Bill Frist, a physician who was Senate majority leader in the early years of the Bush administration, estimates that the two programs saved the lives of over 10 million Africans.

 

Appointments

• Darin J. Waters, co-editor of The Lincoln Review and an adjunct professor of history at the University of North Carolina at Asheville, was appointed by Governor Mike Easley to the North Carolina African-American Heritage Commission.

Dr. Waters is a graduate of Liberty University in Lynchburg, Virginia. He holds a master’s degree from North Carolina State University and a Ph.D. from the University of North Carolina at Chapel Hill.

• Tamika Duck was named sports information director at Virginia Union University. She was the assistant sports information director at Virginia State University. Duck is a graduate of Virginia Union University.

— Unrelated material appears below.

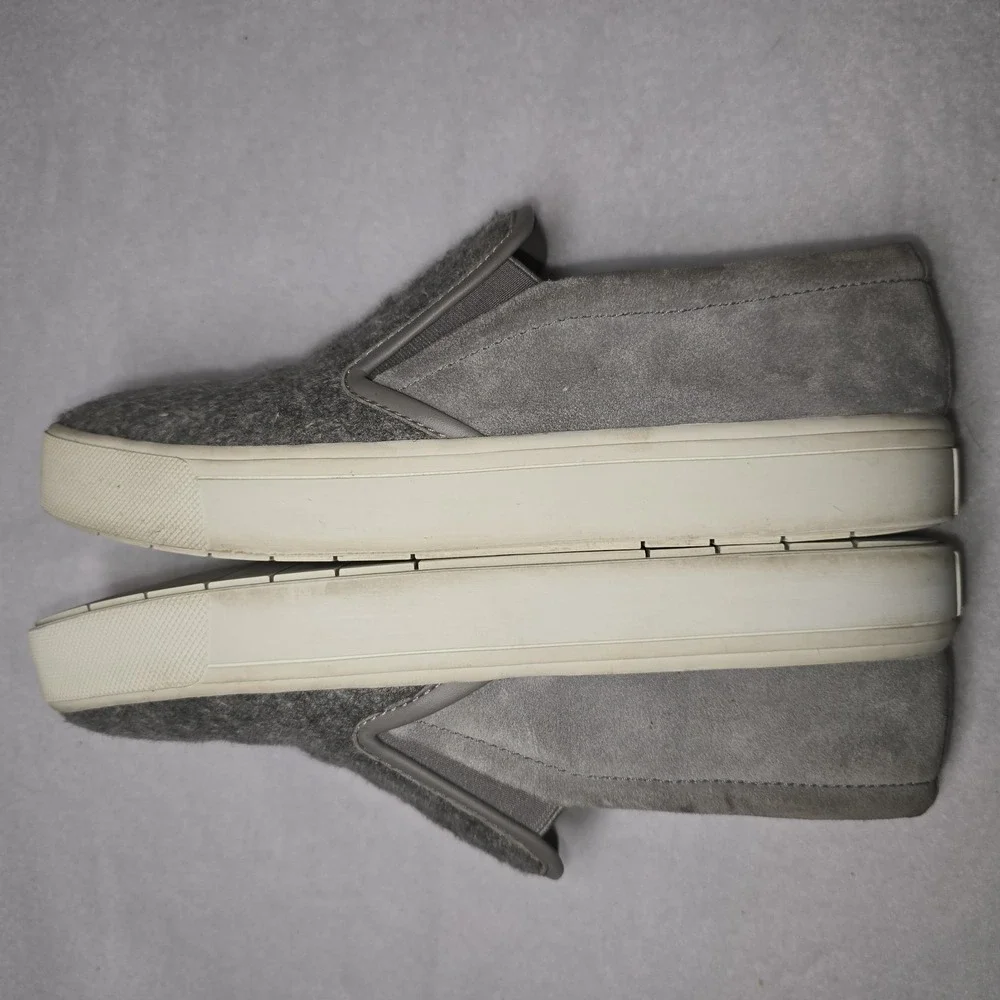 Vince Knit Leather Sneakers Gray Slip-On Shoes Textured Casual Preppy Womens 7.5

• Hazell Reed was appointed vice chancellor for graduate education and research at North Carolina Central University. He was senior administrator for research and federal relations at Delaware State University.

Dr. Reed is a graduate of the University of Arkansas at Pine Bluff. He holds a master’s degree from Penn State University and a doctorate from the University of Arkansas.

 

 

Grants

• Derrick Darby, an associate professor of philosophy at the University of Kansas, received a $40,000 grant from the Spencer Foundation of Chicago for his research on racial inequality in educational achievement.

Professor Darby is a graduate of Colgate University. He holds a Ph.D. in philosophy from the University of Pittsburgh.

• Marist College in Poughkeepsie, New York, received a $100,000 grant from the William Randolph Hearst Foundation to endow scholarships for minority students.

• Virginia Union University, the historically black educational institution in Richmond, received a $1 million grant from the Dominion Foundation, the philanthropic arm of the energy firm Dominion Resources. The money will be used to support student scholarships and academic programs.